The burros were leading him to insights he might have never discovered on his own. Like:

  1. The only thing you need to do in the thing you’re doing.
    You have to have more time than they do. If you rush, you lose.
  2. Lead from the rear
    You have to make it seem like it’s their idea.
  3. If they do something wrong, it’s because you didn’t do something right
    Their instincts don’t always line up with your intentions. When they like you, they’ll do everything short of open the gate and jump in the trailer.
  4. What, you thins Atticus had it easy?
    “I wanted you to see what real courage is. It’s when you know you’ve been licked before you begin, but you begin anyway and see it through no matter what. You rarely win, but sometimes you do.”

 

Amish approach to problems

…this was the way Amish farmers dealt with tough breaks: As son as they see a problem, they attack it. What other choice did they have? If you don’t have the luxury of tapping a few numbers on a phone to save your ass when you’ve ignored the drip under the sink or forgotten to ship for dinner, you learn you can’t put things off and hope they magically get better on their own. You’ve got to square up to the facts…

 

Talkers aren’t listeners, and Barb had seen too many first-timers who acted like ugly Americans abroad, thinking all they had to do was shout louder instead of learning the language.

 

Hills in ultra marathons

Hills are the universal equaliser; that’s why even in races, shrewd ultrarunners will hike any terrain that makes them lift their heads. Sure, a runner will beat a hiker to the peak, but not by much—and not for long. Three or four climbs into a 50K, a runner’s legs will be trashed, while the hill hiker still has enough energy on tap to break away on the downhills and flats. Hills are more a test of shrewdness than stamina; you’ve got to have the experience to realise that your best climbing speed isn’t much faster than anyone else’s and the humility to accept it.

 

Super-oxygenating

Super-oxygenating your blood not only warms you up, but calms you down; and because a clear head helps you survive in dire straits, your brain quickly releases soothing hormones to help you chill out.

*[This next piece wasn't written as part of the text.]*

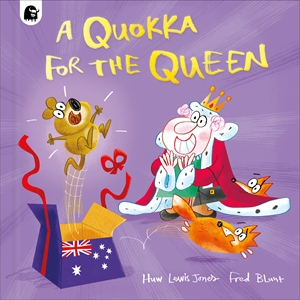 A Quokka for the Queen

… three steps of Wim Hof’s breathing drills:
- thirty to forty power breaths;
- deep exhale and hold;
- deep inhale and hold;
- repeat for three more rounds.

He wasn’t sure if this would work for the long term (dips in icy pond). But short term, he’d certainly learned that your mind can’t dwell on dark thoughts when it’s screaming for you to get the hell out of this meat locker.

 

Skirt and a smile

  1. Smile from gun to tape.
  2. Make someone else smile.
  3. Race like a demon

 

We were stronger than Mika, and faster—and when things got rough, we fell harder. We were more afraid of looking soft than we were of falling short, so instead of following her lead and playing it shrewd, we insisted on brute-forcing our way into trouble.

… testosterone ain’t smart.

 

On basketball as cross training for runners

Lateral movement, explosive power, short bursts of speed, upper-body work…

 

Understanding animals

Animals don’t do things out of spite. They’re not trying to teach you a lesson. That’s the biggest mistake people make with animals, getting this idea that what the do has something to do with you. You gotta get yourself out of the picture, and then you’ll understand what’s really going on.

 

Rhythm

Donkeys may not look like ballroom dancers, but if you watch closely, everything they do has a tempo. They trot and breathe to the beat of a waltz, and that’s what allows them to keep going, lightly and easily, for miles across sun-scorched canyons.